___ EXTRACTED MATERIAL

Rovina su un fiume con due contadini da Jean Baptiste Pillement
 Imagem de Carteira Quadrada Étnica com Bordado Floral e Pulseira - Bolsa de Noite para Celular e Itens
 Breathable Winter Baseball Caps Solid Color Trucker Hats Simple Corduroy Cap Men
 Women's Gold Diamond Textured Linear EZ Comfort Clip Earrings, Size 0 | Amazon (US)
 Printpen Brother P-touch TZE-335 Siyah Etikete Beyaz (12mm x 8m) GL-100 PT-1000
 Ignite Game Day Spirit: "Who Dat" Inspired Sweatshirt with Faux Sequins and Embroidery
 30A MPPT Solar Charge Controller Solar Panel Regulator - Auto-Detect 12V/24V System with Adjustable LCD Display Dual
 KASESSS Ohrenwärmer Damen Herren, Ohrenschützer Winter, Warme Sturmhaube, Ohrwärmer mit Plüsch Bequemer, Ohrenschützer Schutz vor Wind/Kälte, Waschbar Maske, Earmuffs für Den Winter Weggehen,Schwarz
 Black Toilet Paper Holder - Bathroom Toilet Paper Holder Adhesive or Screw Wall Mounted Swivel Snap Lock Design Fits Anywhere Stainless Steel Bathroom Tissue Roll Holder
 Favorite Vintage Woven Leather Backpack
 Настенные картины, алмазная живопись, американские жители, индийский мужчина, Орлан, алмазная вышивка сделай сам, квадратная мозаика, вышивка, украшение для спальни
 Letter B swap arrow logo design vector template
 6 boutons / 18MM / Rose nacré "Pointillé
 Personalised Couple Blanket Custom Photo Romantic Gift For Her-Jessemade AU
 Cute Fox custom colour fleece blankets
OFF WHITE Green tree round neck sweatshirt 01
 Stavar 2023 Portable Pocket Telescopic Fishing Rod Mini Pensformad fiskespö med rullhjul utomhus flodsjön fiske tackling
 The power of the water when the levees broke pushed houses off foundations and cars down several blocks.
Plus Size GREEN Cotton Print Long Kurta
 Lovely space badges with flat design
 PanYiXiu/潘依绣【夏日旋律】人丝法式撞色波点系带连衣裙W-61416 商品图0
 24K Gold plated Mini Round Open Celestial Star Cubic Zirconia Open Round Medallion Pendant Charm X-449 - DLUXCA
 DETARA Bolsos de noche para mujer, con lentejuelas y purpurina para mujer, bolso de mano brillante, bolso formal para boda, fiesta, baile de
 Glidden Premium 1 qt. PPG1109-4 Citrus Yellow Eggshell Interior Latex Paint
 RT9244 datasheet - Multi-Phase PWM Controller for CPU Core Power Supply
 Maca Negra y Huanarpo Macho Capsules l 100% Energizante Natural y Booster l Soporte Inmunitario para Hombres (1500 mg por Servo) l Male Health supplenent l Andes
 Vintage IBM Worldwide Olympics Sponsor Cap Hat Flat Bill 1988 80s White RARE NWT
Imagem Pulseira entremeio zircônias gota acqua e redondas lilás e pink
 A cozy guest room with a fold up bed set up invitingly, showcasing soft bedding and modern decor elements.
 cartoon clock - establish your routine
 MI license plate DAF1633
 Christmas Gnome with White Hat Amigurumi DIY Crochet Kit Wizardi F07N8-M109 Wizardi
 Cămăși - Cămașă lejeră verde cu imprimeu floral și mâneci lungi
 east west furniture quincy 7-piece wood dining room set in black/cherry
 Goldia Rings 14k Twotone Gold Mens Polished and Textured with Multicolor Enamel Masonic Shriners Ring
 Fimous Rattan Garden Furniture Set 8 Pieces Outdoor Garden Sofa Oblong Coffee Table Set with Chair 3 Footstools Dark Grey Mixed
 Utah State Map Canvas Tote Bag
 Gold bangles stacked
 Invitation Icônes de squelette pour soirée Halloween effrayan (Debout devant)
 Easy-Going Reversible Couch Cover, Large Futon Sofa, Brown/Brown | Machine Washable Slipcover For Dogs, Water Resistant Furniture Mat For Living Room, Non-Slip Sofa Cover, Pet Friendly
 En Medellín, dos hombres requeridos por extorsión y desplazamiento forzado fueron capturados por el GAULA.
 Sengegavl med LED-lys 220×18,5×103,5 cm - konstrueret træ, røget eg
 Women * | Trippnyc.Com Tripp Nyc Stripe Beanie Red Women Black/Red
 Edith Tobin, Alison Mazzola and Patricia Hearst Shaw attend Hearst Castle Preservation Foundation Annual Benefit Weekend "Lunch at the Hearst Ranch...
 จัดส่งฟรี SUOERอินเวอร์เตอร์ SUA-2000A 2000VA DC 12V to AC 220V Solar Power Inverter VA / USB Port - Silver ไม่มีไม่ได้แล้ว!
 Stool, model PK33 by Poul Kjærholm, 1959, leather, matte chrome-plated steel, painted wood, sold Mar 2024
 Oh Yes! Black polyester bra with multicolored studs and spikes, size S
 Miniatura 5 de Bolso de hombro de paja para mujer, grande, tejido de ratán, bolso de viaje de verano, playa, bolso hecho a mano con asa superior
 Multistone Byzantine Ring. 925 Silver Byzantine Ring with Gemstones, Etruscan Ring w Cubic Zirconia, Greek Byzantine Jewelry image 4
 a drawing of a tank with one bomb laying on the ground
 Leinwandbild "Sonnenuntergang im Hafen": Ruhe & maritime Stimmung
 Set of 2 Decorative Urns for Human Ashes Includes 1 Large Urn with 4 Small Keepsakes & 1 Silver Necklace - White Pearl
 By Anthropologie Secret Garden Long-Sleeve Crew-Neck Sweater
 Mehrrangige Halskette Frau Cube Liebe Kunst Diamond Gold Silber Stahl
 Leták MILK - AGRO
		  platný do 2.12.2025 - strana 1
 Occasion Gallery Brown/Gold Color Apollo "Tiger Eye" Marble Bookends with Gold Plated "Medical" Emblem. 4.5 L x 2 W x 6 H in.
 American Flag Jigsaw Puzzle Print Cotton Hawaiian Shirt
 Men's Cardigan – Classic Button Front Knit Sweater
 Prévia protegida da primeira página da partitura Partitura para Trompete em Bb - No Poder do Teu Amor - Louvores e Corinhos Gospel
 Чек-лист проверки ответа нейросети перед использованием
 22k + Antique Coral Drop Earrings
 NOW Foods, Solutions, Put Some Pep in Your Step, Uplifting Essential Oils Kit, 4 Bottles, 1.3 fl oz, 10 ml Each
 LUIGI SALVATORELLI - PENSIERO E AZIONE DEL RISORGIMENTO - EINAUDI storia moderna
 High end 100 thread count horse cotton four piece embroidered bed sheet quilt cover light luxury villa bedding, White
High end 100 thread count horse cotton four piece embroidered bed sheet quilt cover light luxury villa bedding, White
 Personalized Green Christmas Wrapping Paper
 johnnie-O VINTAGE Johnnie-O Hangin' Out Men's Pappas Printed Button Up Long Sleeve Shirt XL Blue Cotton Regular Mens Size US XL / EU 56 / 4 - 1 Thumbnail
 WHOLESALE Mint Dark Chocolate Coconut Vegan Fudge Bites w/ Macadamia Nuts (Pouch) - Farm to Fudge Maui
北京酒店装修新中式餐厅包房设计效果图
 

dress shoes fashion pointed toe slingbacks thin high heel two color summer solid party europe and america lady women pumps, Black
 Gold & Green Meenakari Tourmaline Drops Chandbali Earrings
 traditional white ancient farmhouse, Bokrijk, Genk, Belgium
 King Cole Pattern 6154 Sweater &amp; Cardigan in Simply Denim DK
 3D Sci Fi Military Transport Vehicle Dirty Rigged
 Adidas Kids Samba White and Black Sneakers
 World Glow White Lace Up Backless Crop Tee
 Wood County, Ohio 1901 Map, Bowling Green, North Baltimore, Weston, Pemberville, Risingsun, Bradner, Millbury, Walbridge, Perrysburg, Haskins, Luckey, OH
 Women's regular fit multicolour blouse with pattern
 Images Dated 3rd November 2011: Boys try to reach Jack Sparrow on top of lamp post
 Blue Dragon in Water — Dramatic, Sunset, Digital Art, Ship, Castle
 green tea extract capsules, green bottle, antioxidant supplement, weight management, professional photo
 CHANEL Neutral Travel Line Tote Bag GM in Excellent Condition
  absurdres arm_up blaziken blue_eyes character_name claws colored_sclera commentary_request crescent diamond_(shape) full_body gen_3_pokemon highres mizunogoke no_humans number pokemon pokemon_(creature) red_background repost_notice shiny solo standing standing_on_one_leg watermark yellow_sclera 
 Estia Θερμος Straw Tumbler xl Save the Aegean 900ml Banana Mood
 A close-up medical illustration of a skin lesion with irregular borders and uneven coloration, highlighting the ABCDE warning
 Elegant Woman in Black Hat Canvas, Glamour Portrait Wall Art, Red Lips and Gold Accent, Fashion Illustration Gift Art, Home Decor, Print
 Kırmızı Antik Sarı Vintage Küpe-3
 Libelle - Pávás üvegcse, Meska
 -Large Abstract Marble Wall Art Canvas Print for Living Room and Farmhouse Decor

______

### TASK DETAILS:
Could you restate word for word the lines above, from the one that contains "22k + Antique Coral Drop Earrings" through the one that contains "A close-up medical", and no others?

### OUTPUT:
 22k + Antique Coral Drop Earrings
 NOW Foods, Solutions, Put Some Pep in Your Step, Uplifting Essential Oils Kit, 4 Bottles, 1.3 fl oz, 10 ml Each
 LUIGI SALVATORELLI - PENSIERO E AZIONE DEL RISORGIMENTO - EINAUDI storia moderna
 High end 100 thread count horse cotton four piece embroidered bed sheet quilt cover light luxury villa bedding, White
High end 100 thread count horse cotton four piece embroidered bed sheet quilt cover light luxury villa bedding, White
 Personalized Green Christmas Wrapping Paper
 johnnie-O VINTAGE Johnnie-O Hangin' Out Men's Pappas Printed Button Up Long Sleeve Shirt XL Blue Cotton Regular Mens Size US XL / EU 56 / 4 - 1 Thumbnail
 WHOLESALE Mint Dark Chocolate Coconut Vegan Fudge Bites w/ Macadamia Nuts (Pouch) - Farm to Fudge Maui
北京酒店装修新中式餐厅包房设计效果图
 

dress shoes fashion pointed toe slingbacks thin high heel two color summer solid party europe and america lady women pumps, Black
 Gold & Green Meenakari Tourmaline Drops Chandbali Earrings
 traditional white ancient farmhouse, Bokrijk, Genk, Belgium
 King Cole Pattern 6154 Sweater &amp; Cardigan in Simply Denim DK
 3D Sci Fi Military Transport Vehicle Dirty Rigged
 Adidas Kids Samba White and Black Sneakers
 World Glow White Lace Up Backless Crop Tee
 Wood County, Ohio 1901 Map, Bowling Green, North Baltimore, Weston, Pemberville, Risingsun, Bradner, Millbury, Walbridge, Perrysburg, Haskins, Luckey, OH
 Women's regular fit multicolour blouse with pattern
 Images Dated 3rd November 2011: Boys try to reach Jack Sparrow on top of lamp post
 Blue Dragon in Water — Dramatic, Sunset, Digital Art, Ship, Castle
 green tea extract capsules, green bottle, antioxidant supplement, weight management, professional photo
 CHANEL Neutral Travel Line Tote Bag GM in Excellent Condition
  absurdres arm_up blaziken blue_eyes character_name claws colored_sclera commentary_request crescent diamond_(shape) full_body gen_3_pokemon highres mizunogoke no_humans number pokemon pokemon_(creature) red_background repost_notice shiny solo standing standing_on_one_leg watermark yellow_sclera 
 Estia Θερμος Straw Tumbler xl Save the Aegean 900ml Banana Mood
 A close-up medical illustration of a skin lesion with irregular borders and uneven coloration, highlighting the ABCDE warning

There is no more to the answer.